Work instructions: All lines below between the line with "Glow in The" and the line with "Levi's Knot Strap", including both, must be copied exactly, and the pictures must be omitted.

Information shown:
☆ ☆ ☆ ☆ ☆ ☆ ☆

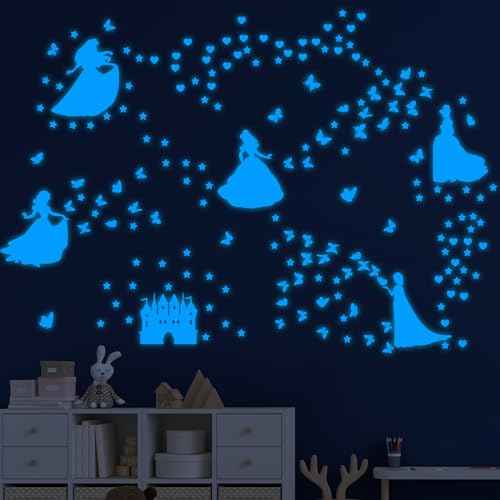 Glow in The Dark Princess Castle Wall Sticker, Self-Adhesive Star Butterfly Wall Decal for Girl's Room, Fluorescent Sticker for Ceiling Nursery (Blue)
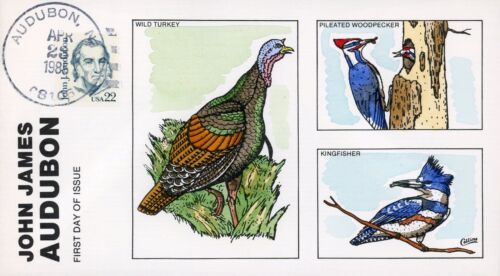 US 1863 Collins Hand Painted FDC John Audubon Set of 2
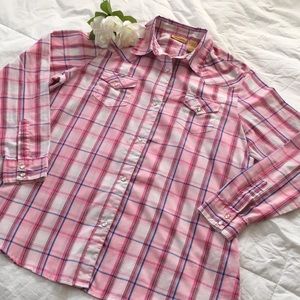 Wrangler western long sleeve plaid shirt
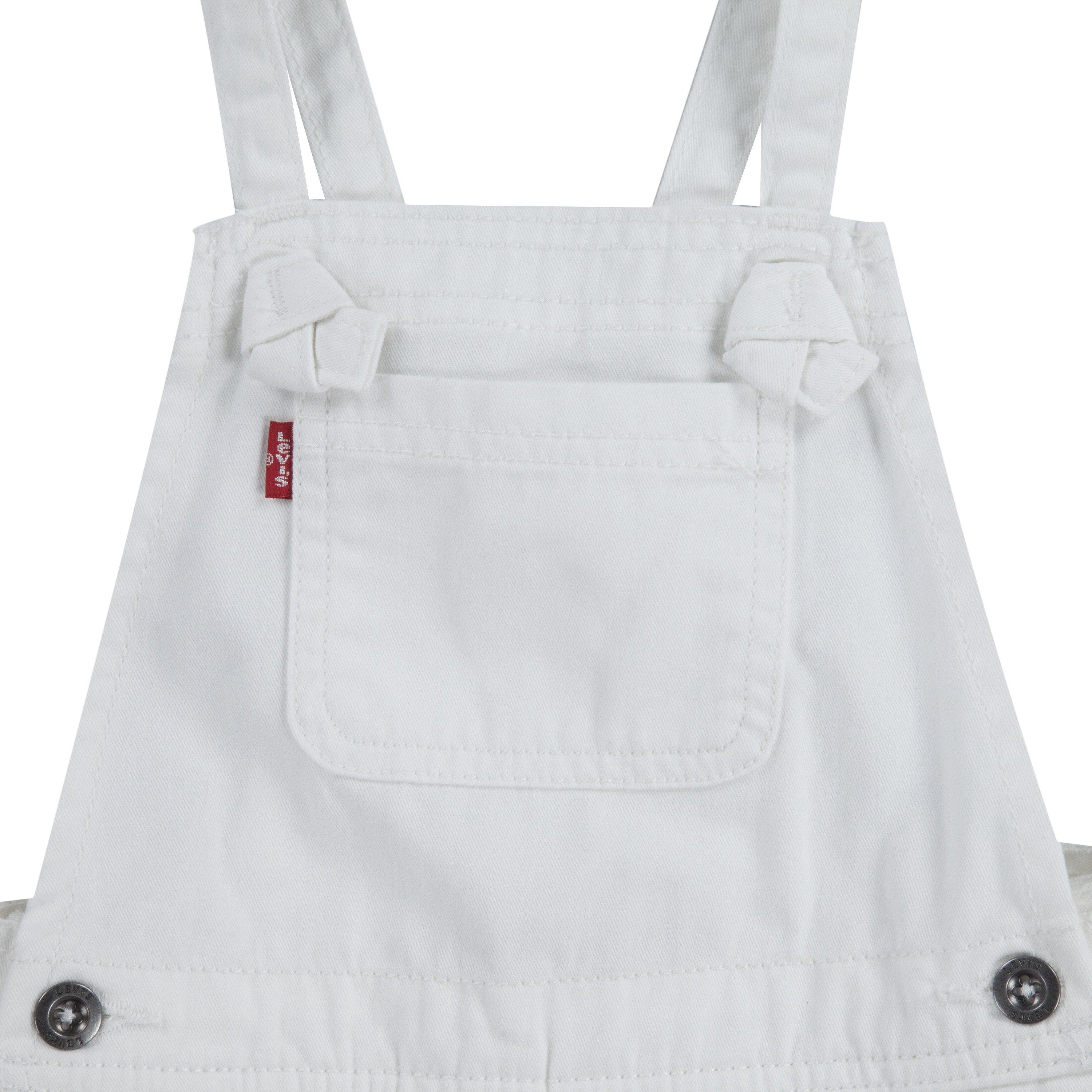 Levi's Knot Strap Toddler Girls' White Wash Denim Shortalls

☆ ☆ ☆ ☆ ☆ ☆ ☆

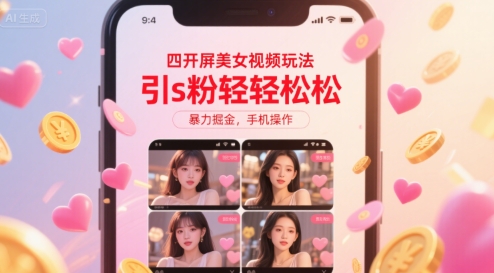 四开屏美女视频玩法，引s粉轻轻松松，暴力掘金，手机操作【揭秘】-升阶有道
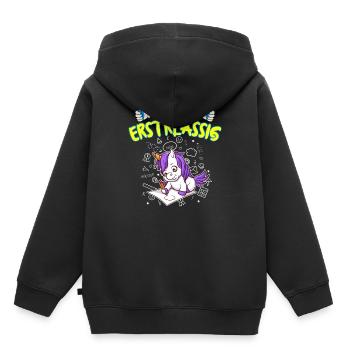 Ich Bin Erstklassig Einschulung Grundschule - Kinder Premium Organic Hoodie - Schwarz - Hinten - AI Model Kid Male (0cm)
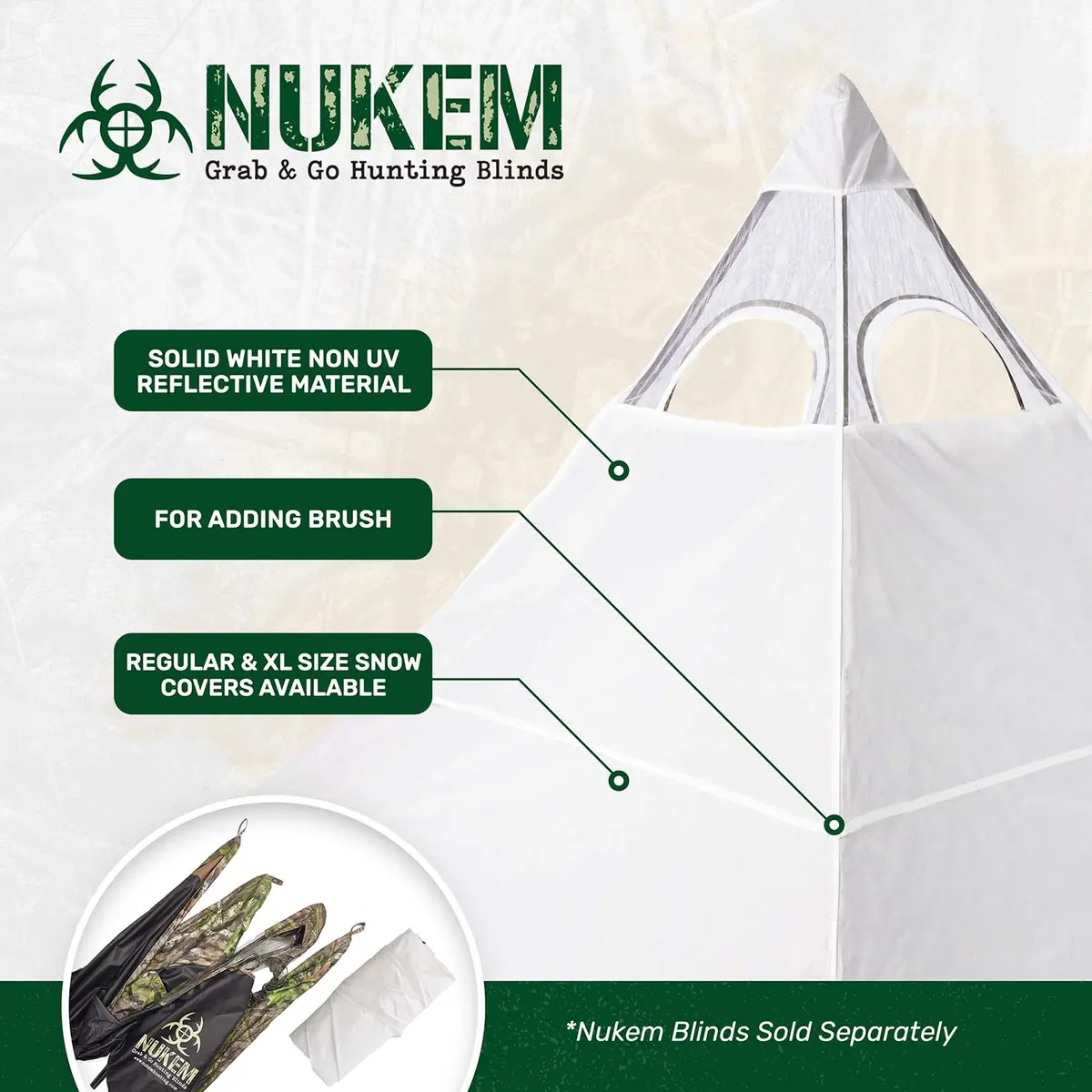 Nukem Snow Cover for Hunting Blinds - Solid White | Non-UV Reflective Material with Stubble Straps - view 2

☆ ☆ ☆ ☆ ☆ ☆ ☆

Solution to the problem:
 Glow in The Dark Princess Castle Wall Sticker, Self-Adhesive Star Butterfly Wall Decal for Girl's Room, Fluorescent Sticker for Ceiling Nursery (Blue)
 US 1863 Collins Hand Painted FDC John Audubon Set of 2
 Wrangler western long sleeve plaid shirt
 Levi's Knot Strap Toddler Girls' White Wash Denim Shortalls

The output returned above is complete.